Defense Advanced Research Projects Agency (DARPA) announces Research teams for Semantic Forensic Program

DARPA Researchers to develop automated tools that aid analysts as they tackle the looming rise of automated multimodal media manipulation.

Media manipulation capabilities are advancing at a rapid pace while also becoming increasingly accessible to everyone from the at-home photo editor to nation state actors. As the technology evolves so does the national security threat posed by compelling media manipulations. While the issue today may be Deepfake videos, the ability to generate falsified multimodal assets – such as news stories with embedded photos and videos – from whole cloth may not be far off. To take on this growing threat, DARPA created the Semantic Forensics (SemaFor) program. SemaFor seeks to give analysts the upper hand in the fight between detectors and manipulators by developing technologies that are capable of automating the detection, attribution, and characterization of falsified media assets.

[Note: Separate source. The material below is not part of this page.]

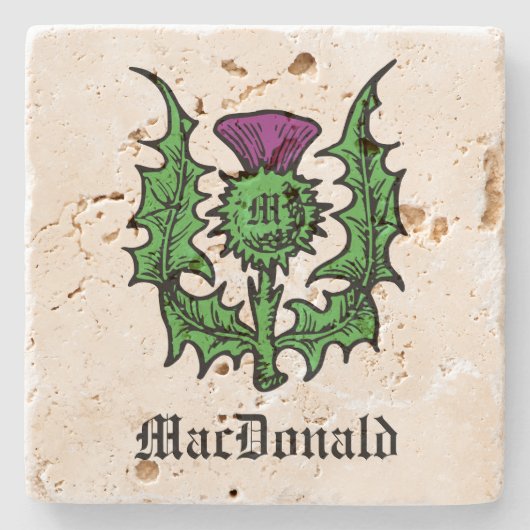 Scottish Thistle Custom Name Stenen Onderzetter (Voorkant)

“From a defense standpoint, SemaFor is focused on exploiting a critical weakness in automated media generators,” said Dr. Matt Turek, the DARPA program manager leading SemaFor. “Currently, it is very difficult for an automated generation algorithm to get all of the semantics correct. Ensuring everything aligns from the text of a news story, to the accompanying image, to the elements within the image itself is a very tall order. Through this program we aim to explore the failure modes where current techniques for synthesizing media break down.”

Today, DARPA announced the research teams selected to take on SemaFor’s research objectives. Teams from commercial companies and academic institutions will work to develop a suite of semantic analysis tools capable of automating the identification of falsified media. Arming human analysts with these technologies should make it difficult for manipulators to pass altered media as authentic or truthful.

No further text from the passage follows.